# The Postal Service



## mahlye (Aug 19, 2008)

has anyone ever heard the song 'The District Sleeps Alone Tonight'?

that song is really really good. I'm not into this type of music but I can't stop listening to this song. here is a link to it, this is not the official video.

YouTube - Postal Service - The District Sleeps Alone Tonight


----------



## IamKong (Aug 19, 2008)

Eh, not my cup of tea. Video was lame. check this one out: YouTube - The Bird and the Bee "Polite Dance Song"​


----------



## mahlye (Aug 19, 2008)

the video was very lame, but I just used it for the song. I don't like the video you sent either, but I liked the song. thanks


----------



## IamKong (Aug 19, 2008)

Oh, come on! That video was hilarious. A little corny, but if you have ever seen the tim and eric show on adult swim, you would see where the comedy comes from.

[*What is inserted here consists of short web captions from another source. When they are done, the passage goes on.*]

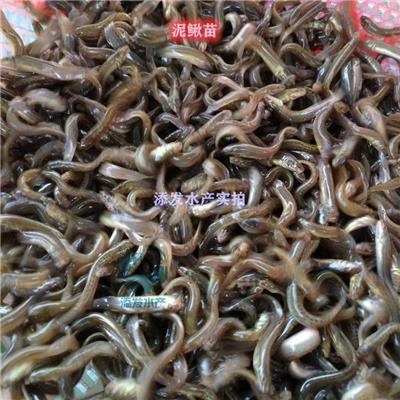 湖北中国台湾泥鳅苗渔场直销 泥鳅鱼苗质量 求购泥鳅鱼苗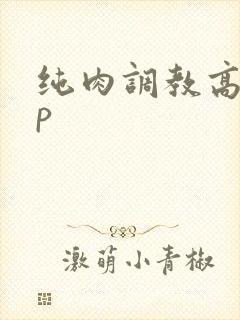 纯肉调教高hnp
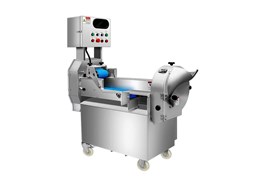 Máy cắt rau củ 2 đầu Engineering CHINENG CN-HZS-HC-901-220 1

The song was alright in your first post, try this one. Friggin catchy....
YouTube - Flobots - Handlebars


----------



## mahlye (Aug 19, 2008)

it was creepy..the second video was better


----------



## TodayIsAGreenday (Aug 19, 2008)

postal service is one of the most chilled bands to listen too whilst smoking


YouTube - The Postal Service - This Place Is A Prison

my favorite^^^^^

its about being in rehab


----------



## IamKong (Aug 19, 2008)

I've got to be honest, that's the first time I've even heard of them.


----------



## TodayIsAGreenday (Aug 19, 2008)

its the lead singer from death cab for cutie benn Gibbards side project him and a dj/producer named jimmy tamborello 

they got the name the postal service because they never met eachother in person on the cd untill they were mastering it... instead they used the postal service (not sure which one) to send eachother tracks ben doing guitar and vocals and jimmy adding the beats and mixing it

awesome been waiting forever for a new project by them


----------



## ogrelung (Aug 19, 2008)

Gotta admit I like 'em a bit, it's great come down music. Back when I used to do alot of speed and ecstasy it was one of the albums I always threw on my comedown mix, along with Lamb, Portishead, Mark lanegan and royksopp. People give em too much shit.


----------



## skiskate (Aug 21, 2008)

Yeah man I love the postal service, I posted a thread about them last week and nobody said anything.  My favourite song is such great heights.


----------



## el shaggy (Aug 27, 2008)

Natural Anthem.

I gotta feeling this was a one off project, though.

My take on This Place is a Prison is that the prison is your body in this realm.

Such Great Heights kick started my obsession with searching for great new music. Music different from the likes of what I am used to. If I didn't I would probably be listening to radio pop and rock yet.


----------